Segment Start: DATASET EXCERPTS

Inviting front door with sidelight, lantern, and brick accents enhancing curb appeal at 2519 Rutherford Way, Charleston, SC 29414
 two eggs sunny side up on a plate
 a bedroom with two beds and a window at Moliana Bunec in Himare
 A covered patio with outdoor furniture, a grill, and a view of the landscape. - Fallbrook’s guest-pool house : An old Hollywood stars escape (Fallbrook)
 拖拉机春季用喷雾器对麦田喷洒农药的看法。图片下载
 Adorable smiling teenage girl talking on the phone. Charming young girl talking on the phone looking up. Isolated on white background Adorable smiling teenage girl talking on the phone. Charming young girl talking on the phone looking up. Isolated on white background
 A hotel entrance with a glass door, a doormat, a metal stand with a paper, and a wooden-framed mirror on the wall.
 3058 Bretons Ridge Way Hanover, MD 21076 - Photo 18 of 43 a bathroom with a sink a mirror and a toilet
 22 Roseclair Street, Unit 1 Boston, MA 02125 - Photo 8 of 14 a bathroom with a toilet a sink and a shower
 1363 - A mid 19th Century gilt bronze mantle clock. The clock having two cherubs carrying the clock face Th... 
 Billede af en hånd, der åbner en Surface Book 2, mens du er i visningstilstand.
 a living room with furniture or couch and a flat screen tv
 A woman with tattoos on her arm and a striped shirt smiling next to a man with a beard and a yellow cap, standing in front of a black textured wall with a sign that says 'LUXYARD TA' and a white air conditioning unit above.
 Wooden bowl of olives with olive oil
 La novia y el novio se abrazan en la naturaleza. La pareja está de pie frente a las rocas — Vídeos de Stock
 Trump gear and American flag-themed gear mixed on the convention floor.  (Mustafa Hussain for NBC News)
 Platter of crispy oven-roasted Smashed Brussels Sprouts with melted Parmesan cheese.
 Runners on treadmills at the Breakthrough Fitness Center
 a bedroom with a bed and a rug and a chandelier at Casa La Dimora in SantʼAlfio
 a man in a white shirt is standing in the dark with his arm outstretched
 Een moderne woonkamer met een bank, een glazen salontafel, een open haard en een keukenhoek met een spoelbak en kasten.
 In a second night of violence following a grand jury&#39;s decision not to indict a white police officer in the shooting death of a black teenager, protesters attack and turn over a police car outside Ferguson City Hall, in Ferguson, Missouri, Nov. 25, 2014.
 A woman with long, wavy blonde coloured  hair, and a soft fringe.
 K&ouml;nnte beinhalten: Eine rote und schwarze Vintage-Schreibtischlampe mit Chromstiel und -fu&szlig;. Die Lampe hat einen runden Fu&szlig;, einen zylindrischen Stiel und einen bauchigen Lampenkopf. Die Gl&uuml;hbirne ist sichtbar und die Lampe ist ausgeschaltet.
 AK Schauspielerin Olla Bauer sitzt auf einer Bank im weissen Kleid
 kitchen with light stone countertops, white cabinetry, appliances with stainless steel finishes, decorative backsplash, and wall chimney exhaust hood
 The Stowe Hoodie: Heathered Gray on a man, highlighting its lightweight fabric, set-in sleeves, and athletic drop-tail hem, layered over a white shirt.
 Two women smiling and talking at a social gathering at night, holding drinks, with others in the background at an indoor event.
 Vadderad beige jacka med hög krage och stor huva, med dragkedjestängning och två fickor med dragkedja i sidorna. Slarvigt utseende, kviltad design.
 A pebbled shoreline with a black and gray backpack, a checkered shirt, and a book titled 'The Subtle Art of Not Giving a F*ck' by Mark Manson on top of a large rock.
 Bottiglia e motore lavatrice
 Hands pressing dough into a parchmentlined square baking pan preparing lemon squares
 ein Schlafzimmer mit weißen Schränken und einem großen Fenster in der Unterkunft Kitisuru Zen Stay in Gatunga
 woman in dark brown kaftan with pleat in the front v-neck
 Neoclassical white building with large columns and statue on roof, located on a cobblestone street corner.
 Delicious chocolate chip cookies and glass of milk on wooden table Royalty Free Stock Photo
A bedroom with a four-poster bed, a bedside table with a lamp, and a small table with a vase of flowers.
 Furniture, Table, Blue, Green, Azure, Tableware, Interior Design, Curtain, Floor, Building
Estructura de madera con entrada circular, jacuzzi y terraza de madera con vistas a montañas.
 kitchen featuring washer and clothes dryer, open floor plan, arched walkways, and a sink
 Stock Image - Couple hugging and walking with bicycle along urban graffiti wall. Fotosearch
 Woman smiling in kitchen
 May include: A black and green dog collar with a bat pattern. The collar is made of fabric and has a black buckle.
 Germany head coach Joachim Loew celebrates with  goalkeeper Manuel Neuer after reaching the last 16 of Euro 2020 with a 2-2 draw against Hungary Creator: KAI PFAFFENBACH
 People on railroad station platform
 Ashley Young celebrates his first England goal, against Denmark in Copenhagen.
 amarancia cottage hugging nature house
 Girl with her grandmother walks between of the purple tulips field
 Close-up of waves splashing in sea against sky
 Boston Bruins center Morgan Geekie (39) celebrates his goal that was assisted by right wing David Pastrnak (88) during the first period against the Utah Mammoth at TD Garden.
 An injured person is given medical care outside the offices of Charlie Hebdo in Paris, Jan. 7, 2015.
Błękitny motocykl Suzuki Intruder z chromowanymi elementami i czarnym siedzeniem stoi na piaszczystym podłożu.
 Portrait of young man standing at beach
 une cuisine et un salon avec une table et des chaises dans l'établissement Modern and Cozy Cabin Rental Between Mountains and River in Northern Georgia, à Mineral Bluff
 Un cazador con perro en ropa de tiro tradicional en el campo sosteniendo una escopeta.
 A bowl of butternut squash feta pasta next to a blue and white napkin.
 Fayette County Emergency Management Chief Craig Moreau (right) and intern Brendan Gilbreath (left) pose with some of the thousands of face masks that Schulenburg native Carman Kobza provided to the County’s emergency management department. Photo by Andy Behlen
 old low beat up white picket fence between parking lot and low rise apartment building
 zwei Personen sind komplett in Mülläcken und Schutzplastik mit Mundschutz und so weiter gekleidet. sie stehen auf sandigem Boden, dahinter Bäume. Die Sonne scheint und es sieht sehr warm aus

Segment End: DATASET EXCERPTS

◆ REQUIRED ACTION:
Give back, verbatim, the lines from the top of the entries above through the line containing "3058 Bretons Ridge".

◆ YOUR SOLUTION:
Inviting front door with sidelight, lantern, and brick accents enhancing curb appeal at 2519 Rutherford Way, Charleston, SC 29414
 two eggs sunny side up on a plate
 a bedroom with two beds and a window at Moliana Bunec in Himare
 A covered patio with outdoor furniture, a grill, and a view of the landscape. - Fallbrook’s guest-pool house : An old Hollywood stars escape (Fallbrook)
 拖拉机春季用喷雾器对麦田喷洒农药的看法。图片下载
 Adorable smiling teenage girl talking on the phone. Charming young girl talking on the phone looking up. Isolated on white background Adorable smiling teenage girl talking on the phone. Charming young girl talking on the phone looking up. Isolated on white background
 A hotel entrance with a glass door, a doormat, a metal stand with a paper, and a wooden-framed mirror on the wall.
 3058 Bretons Ridge Way Hanover, MD 21076 - Photo 18 of 43 a bathroom with a sink a mirror and a toilet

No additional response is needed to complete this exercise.